Recorded data >>
>>
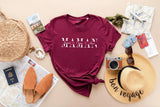 Lebonshirt® T-shirt Premium Femme En Coton Bio - T-shirt Anniversaire Maman, Prénom Des Enfants Personnalisés, Cadeau Personnalisé Fête Des Mères - L130522S29 Bordeaux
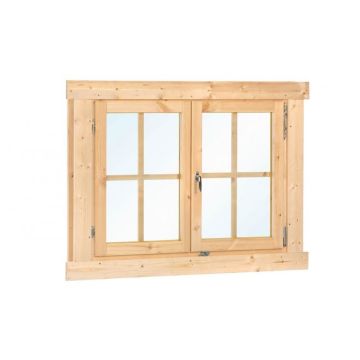 Draai-/Kiepraam Dubbel L6 Vuren 128,5 x 100,5CM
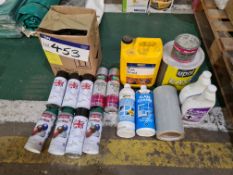 Quantity of Spray Paint, with PVA, filler, glass c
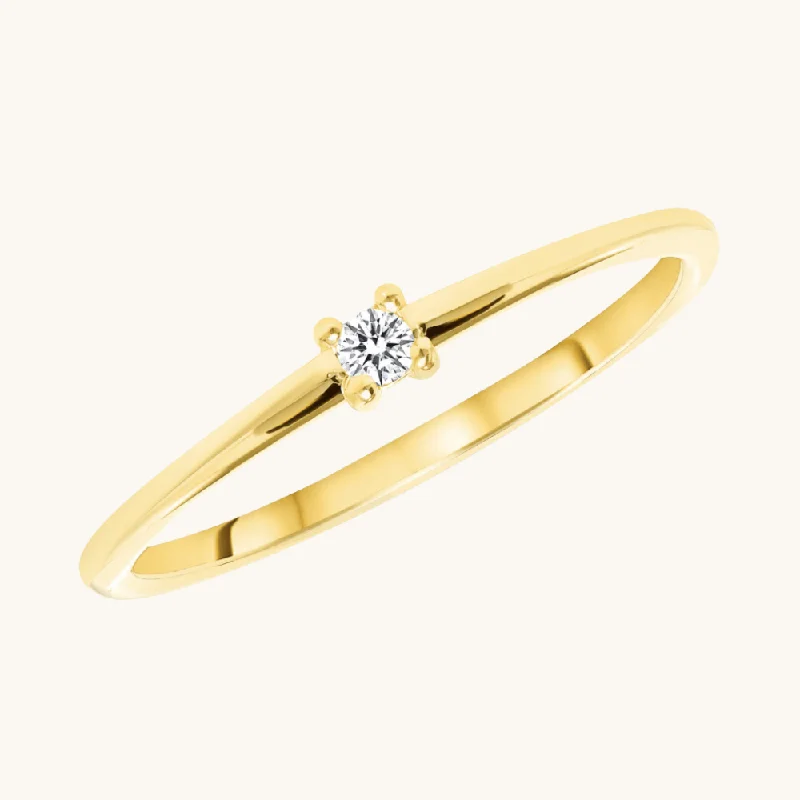 Aster Single Diamond Band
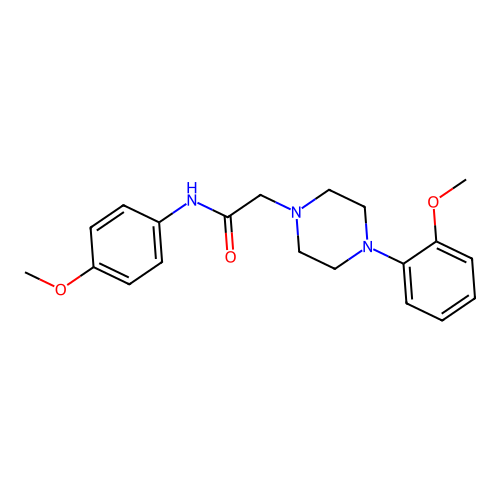 N-(4-methoxyphenyl)-2-[4-(2-methoxyphenyl)piperazin-1-yl]acetamide structure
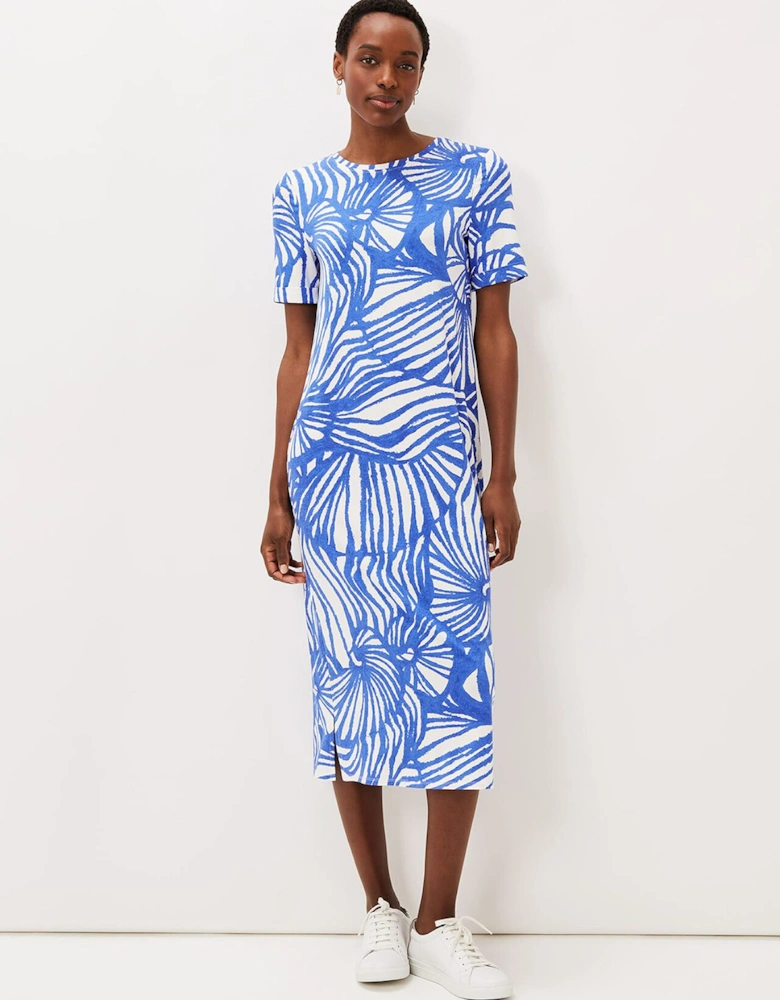 Theresa Shell Print Dress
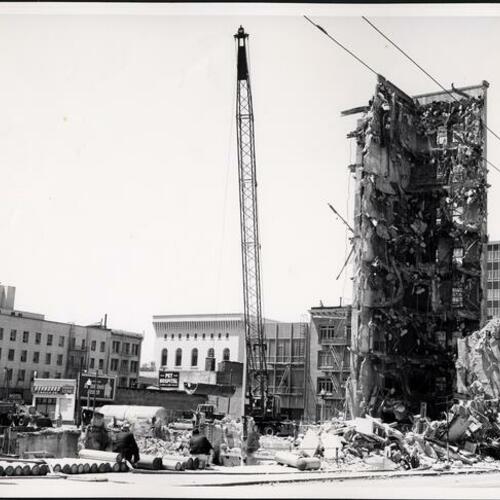 [Fox theater demolition begins on Feb. 28, 1963]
<<
A faithful copy of all the records is required, with the pictures left out.

Task answer >>
 Lebonshirt® T-shirt Premium Femme En Coton Bio - T-shirt Anniversaire Maman, Prénom Des Enfants Personnalisés, Cadeau Personnalisé Fête Des Mères - L130522S29 Bordeaux
 Draai-/Kiepraam Dubbel L6 Vuren 128,5 x 100,5CM
 Quantity of Spray Paint, with PVA, filler, glass c
 Aster Single Diamond Band
 N-(4-methoxyphenyl)-2-[4-(2-methoxyphenyl)piperazin-1-yl]acetamide structure
 Theresa Shell Print Dress
 [Fox theater demolition begins on Feb. 28, 1963]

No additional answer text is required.